Jason Chagnon
Co-Founder & CEO

Will Intake Become Your Biggest Growth Lever in 2026?

Reading time - 7 minutes

The Caregiver I Grew Up With

My mother would never describe herself as doing anything extraordinary. When I was eight years old, she was in college and working as a caregiver. At least, that is what I understand now. Back then I did not think of it as a job. I thought we were visiting a family friend.

I would go with her. I would sit in a living room that felt quieter than most. My mother listened more than she spoke. She noticed small things. She helped in ways that did not call attention to themselves. There was no sense of urgency, no sense of transaction. It felt natural, personal, almost invisible in how ordinary it seemed.

To me, this was just my mom being who she was. Years later, I finally understood what I could not see then. This was professional home care. She worked for an agency. She had responsibilities, training, and accountability. What felt informal was intentional. What felt personal was professional. The calm I remember was not accidental. It was care delivered with presence and respect.

Why the First Call Matters in the Home Care Intake Process

That realization shaped how I see this industry. Home care does not enter people’s lives at convenient moments. Families reach out when they are tired, worried, and unsure what to do next. They are not shopping. They are searching for reassurance. They are hoping someone will make sense of a situation that suddenly feels heavy.

That is what makes home care different. It is deeply personal, even when it’s structured. The work happens inside people’s routines and private moments. Trust is not a feature. It is the foundation. And that is why the very first conversation matters so much.

When families call an agency, they are not simply asking for information. They are asking a quieter question. “Can you help me decide what to do next?” When intake is handled well, families feel supported. When it is handled poorly, something quieter and sadder happens.

The Intake Mirage

Most intake conversations are kind. Staff care. They listen. They answer questions. On the surface, everything sounds right. But kindness without direction leaves families carrying the same uncertainty they had before they called. When a conversation ends without a next step, families rarely feel rejected. They feel temporarily relieved, then confused, then alone again. The call fades away. Not because it was bad, but because it did not move anything forward.

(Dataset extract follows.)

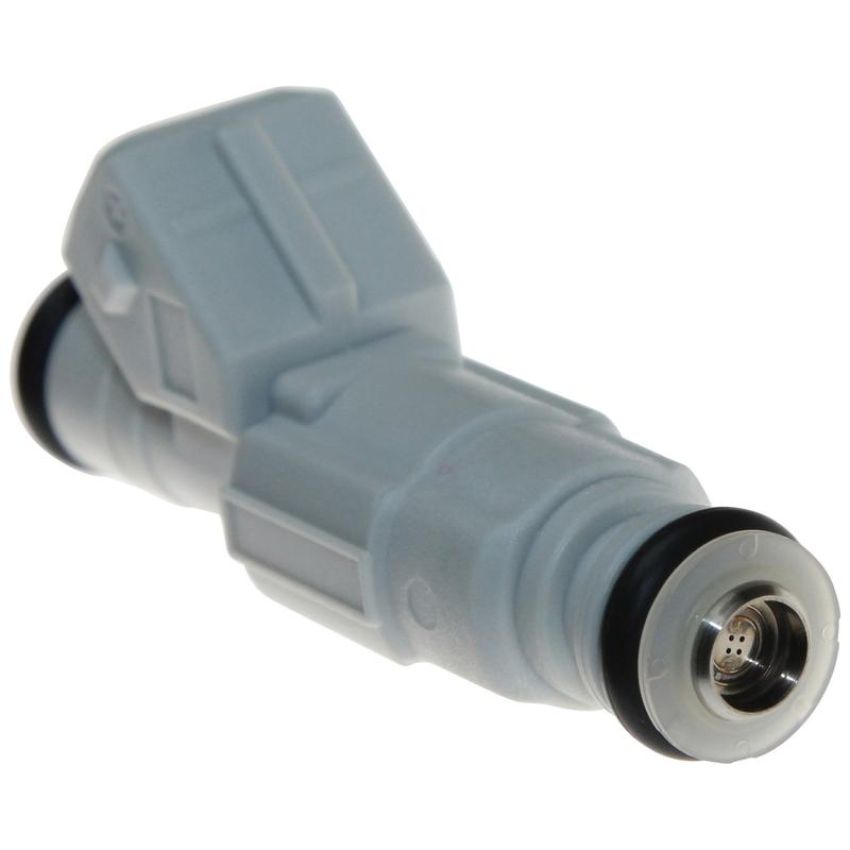 Walker Products 550-2048 Walker Products 550-2048 Fuel Injector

This is what I call the Intake Mirage. From inside the agency it feels compassionate and complete. From the family’s perspective, nothing changed. The agency believes it helped. The family is still deciding. And that is the quiet cost.

This is not an isolated situation. Over the years I have listened to thousands of calls from home care agencies and far too many follow this same pattern. The details change, but the outcome repeats itself. A family reaches out in crisis. A message comes in after hours. A call is missed or returned too late.

This is where the home care intake process often breaks down—not because staff don’t care, but because there is no clear structure guiding families forward. The opportunity slips away quietly, and no one inside the agency realizes what actually happened.

A Call That Stays With Me

That is what makes the next story so impactful for me.

Several months ago I reviewed a recorded call that still bothers me. A son called an agency late in the afternoon. His mother had dementia and had wandered outside earlier that day. The family was shaken. He spoke quickly, the kind of quick that comes from fear, not impatience. He said they needed someone to help keep her safe. He said they were overwhelmed. He asked if the agency could start care right away.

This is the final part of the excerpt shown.